Their depression doesn’t necessarily look like depression in the stereotypical way we think about what depression looks like.


“Danny, his emptiness he’s trying to fill with some sense of external purpose or accomplishment,” claims Raja. For him, “his predominant theme is ‘I don’t want to feel alone.’” But his parents lack emotional attunement to him, and as Raja says, Danny experiences emotional neglect because, although his parents managed to feed and clothe him, his emotional needs weren’t met. Now, “he’s looking for ways to feel connected [with his parents],” explains Raja, “but he doesn’t have language around it.” He thinks if he manages to build a house for his parents, he’ll feel connected to them, but when the house burns down, his parents don’t act surprised or hurt. They just aren’t on the same page.

“On Amy’s part, you just see that theme of shame,” Raja observes. Shame, which is personal versus guilt which is behavioral, is an isolating emotion, and people who experience it often can’t see anyone else’s perspective. This is true of Amy. Her experiences from an early age have told her that she’s bad, says Raja, and in the present day, shame prevents her from taking responsibility.

They could internalize their behavior and take it out on themselves, but they externalize their behavior and take it out on each other. “The boxes that they unintentionally created for themselves that they now feel trapped in and all the expectations that they have and the burdens that they carry, the way they cope with that is by directing that anger outwardly [toward each other],” observes Chan.

“Sometimes it is easier to shift the focus outward and to find blame outside of yourself…. It’s less painful to direct all of that outside yourself.” In other words, as Raja claims, their anger ends up becoming a mask for their depression.

Why Danny and Amy Finally Do Connect

Danny and Amy take their hatred to the point of no return. They’ve been in a firefight and practically died, and then, on their way home, while arguing, their cars slide down into a canyon. It looks like they may never be seen again, but as Raja points out, that doesn’t matter. “They were so vested in their positionality and the stake that they had put in the ground for themselves that they were willing to take it to death… That’s how far they were willing to go,” says Raja.

When they’re traipsing through a no man’s land on the verge of death, they eat what they think are elderberries, get extremely sick, and begin to hallucinate. It’s only after this that their walls come down, and they finally connect over their emptiness and their loneliness. They even come to the conclusion that they “should have done this more often.” They really connect, thanks to the poisonous plants they eat, that they manage to reach this point.

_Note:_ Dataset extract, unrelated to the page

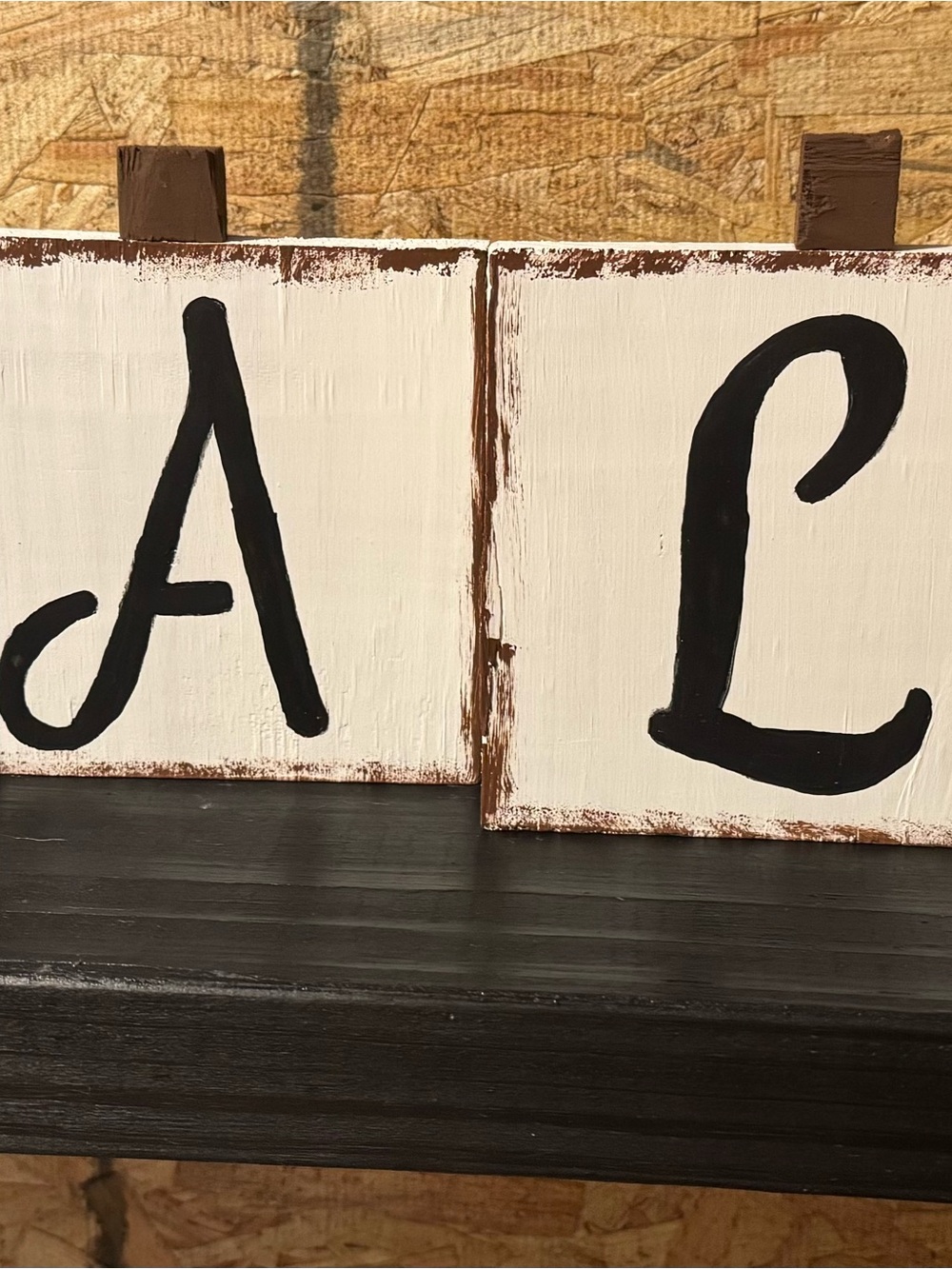 Rustic White and Black Block Letter Home Accent Sign - Unbranded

This is the breakthrough they both needed to really understand themselves and each other. So is Danny right that “Western therapy doesn’t work on Eastern minds?” Is talking to each other the only way they could have made this breakthrough while a therapist would have been a waste of time? According to Chan, “There is absolutely a grain of truth in what he’s saying…. [but] the extremeness of the statement that it doesn’t work on Eastern minds… show he’s not open to [therapy].”

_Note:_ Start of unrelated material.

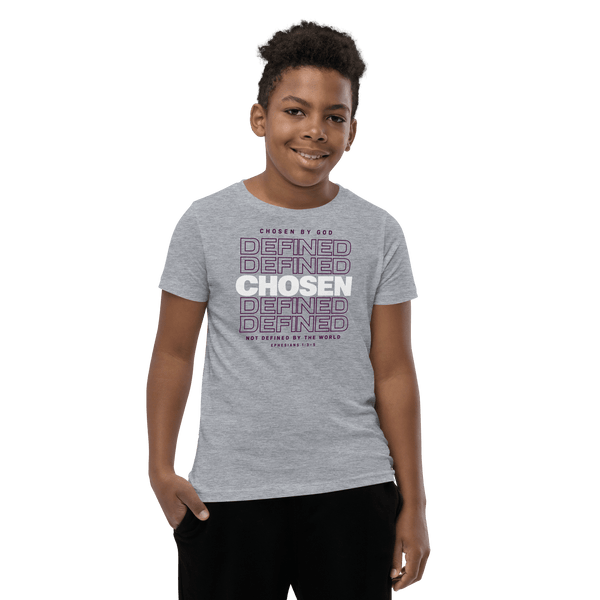 Defined by God, Chosen by Grace Youth T-Shirt featuring bold 'CHOSEN' design for young believers.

In other words, while there are absolute barriers to therapy for Asian Americans, such as stigma, intergenerational trauma, and cultural barriers, finding the right therapist can be transformational. But Chan believes work with a therapist can’t be done in isolation. “[Work with a therapist] is so valuable and it [can] help you gain awareness as to why you’re acting in self-destructive ways or lashing out at other people,” notes Chan, “but I don’t think it necessarily replaces connection. I think they go hand in hand.”